### EXERCISE DATA
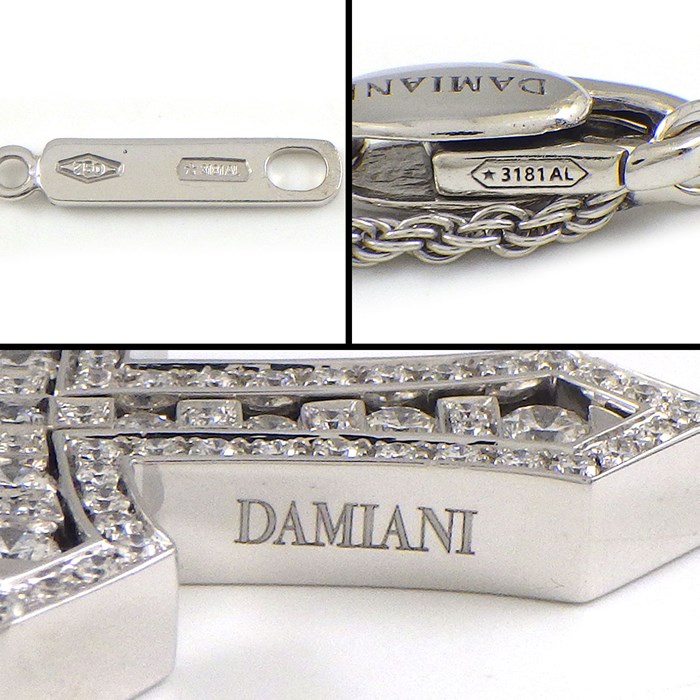 ダミアーニ DAMIANI ネックレス ベルエポック クラウン M 20092691 クロス パヴェ ダイヤモンド K18WG 【箱・保付き】 【中古】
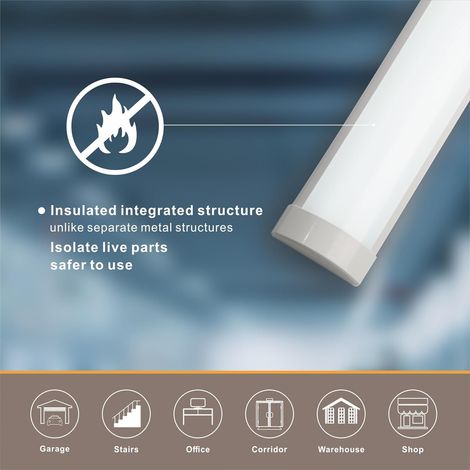 Réglette LED 4FT, 32W 3550lm 0,6m, Lumière Blanche Froide 6500K, Tube LED IP40, Installation Facile, Convient Pour La Maison Et Le Bureau, L'atelier Et Le Garage.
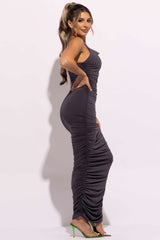 Cowl neck all over ruched maxi dress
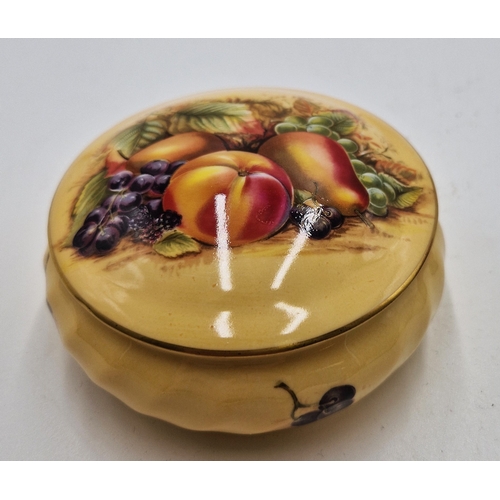 70 - AYNSLEY CHINA 9cm LIDDED TRINKET BOX IN THE ORCHARD GOLD DESIGN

### WHAT IS BEING ASKED
Retype the lines above exactly, no pictures.

### EXPECTED ANSWER
 ダミアーニ DAMIANI ネックレス ベルエポック クラウン M 20092691 クロス パヴェ ダイヤモンド K18WG 【箱・保付き】 【中古】
 Réglette LED 4FT, 32W 3550lm 0,6m, Lumière Blanche Froide 6500K, Tube LED IP40, Installation Facile, Convient Pour La Maison Et Le Bureau, L'atelier Et Le Garage.
 Cowl neck all over ruched maxi dress
 70 - AYNSLEY CHINA 9cm LIDDED TRINKET BOX IN THE ORCHARD GOLD DESIGN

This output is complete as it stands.